The federal government is pressing to end child marriage in Canada and around the world but appears to be falling short of an international target for funding reproductive and sexual health services.
Foreign Affairs Minister John Baird announced $10-million for organizations working against early and forced marriage in low-income countries, calling the issue "one of the most pressing development challenges of our time." He made the announcement Tuesday afternoon as he presented the John Diefenbaker Defender of Human Rights and Freedom Award to representatives from an organization called Girls Not Brides.
Dutch Princess Mabel van Oranje, chair of Girls Not Brides, said Canada has become a "global leader" in opposing child marriage.
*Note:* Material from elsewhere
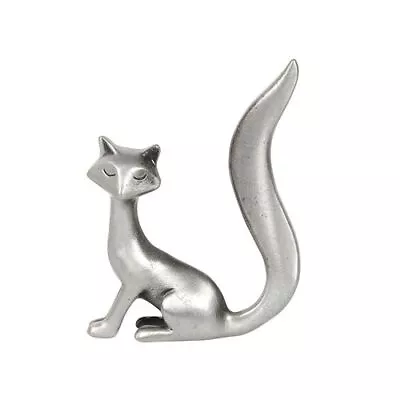 Metal Fox Shaped Ring Jewellery Holder Stand Ladies Animal Gift • £17.97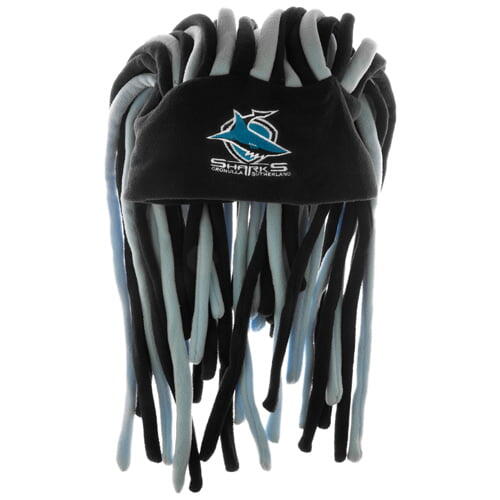 NRL Cronulla Sharks Dreadlock Hat Cap Beanie Game Day Party Gift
In an interview with The Globe and Mail on Tuesday, she pointed out that Canada and Zambia championed a UN resolution calling for greater efforts to end the practice, which is expected to go to a vote later this week.
The latest efforts come after Ottawa introduced legislation this month targeting early, forced and polygamous marriages in Canada's immigration system.
Sandeep Prasad, executive director of a group called Action Canada for Sexual Health and Rights, said Canada's effort to stem the global problem of early and child marriage is valuable. But he said the government should not neglect the important role of family-planning and sexual-health education in addressing the early-marriage issue.
A recent analysis of Canadian spending showed about 4 per cent of Canada's development assistance goes toward reproductive and sexual health, Mr. Prasad said, well below a long-standing target of 10 per cent that parliamentarians from around the world agreed upon during international conferences on population and development.
"In terms of actually addressing the full spectrum of what girls in these marriages might require in their lives, we need to look much more widely, and you do need to look at sexual and reproductive health," Mr. Prasad said.
Only one in four women between the ages of 15 and 24 use modern contraception, according to Action Canada for Sexual Health and Rights.
Asked about funding levels for reproductive health services on Tuesday, Mr. Baird said there is always pressure from advocacy groups to spend more on different causes and tackling the practice of early marriage itself could deal with the root of the issue.
"Preventing girls as young as nine years old from being married can avoid so many of these big problems," Mr. Baird said. "So this is almost, if I could use an analogy, almost like fire prevention."
Dianne Stewart, a representative from the United Nations Population Fund, did not comment directly on Canada's spending levels. But she said reproductive health should generally be viewed as a central component of efforts to address early and child marriage.
"The immediate consequence of early and forced marriage is that young girls are having to give birth way before their bodies are ready," Ms. Stewart said. "So the consequences are dire. And not having access to sexual and reproductive health services, and to contraception, condemns [the girls] to mortality and morbidity that they shouldn't have to deal with at such a young age."
Speaking with The Globe on Tuesday, Princess Mabel said she, too, views reproductive services and education as important elements in improving the health and futures of young girls around the world.
She spoke about visiting Zambia recently and meeting girls who had become pregnant without understanding how it had happened or what they could have done to prevent the pregnancy. "I mean, their futures in a way are wasted just because we fail to educate them," she said.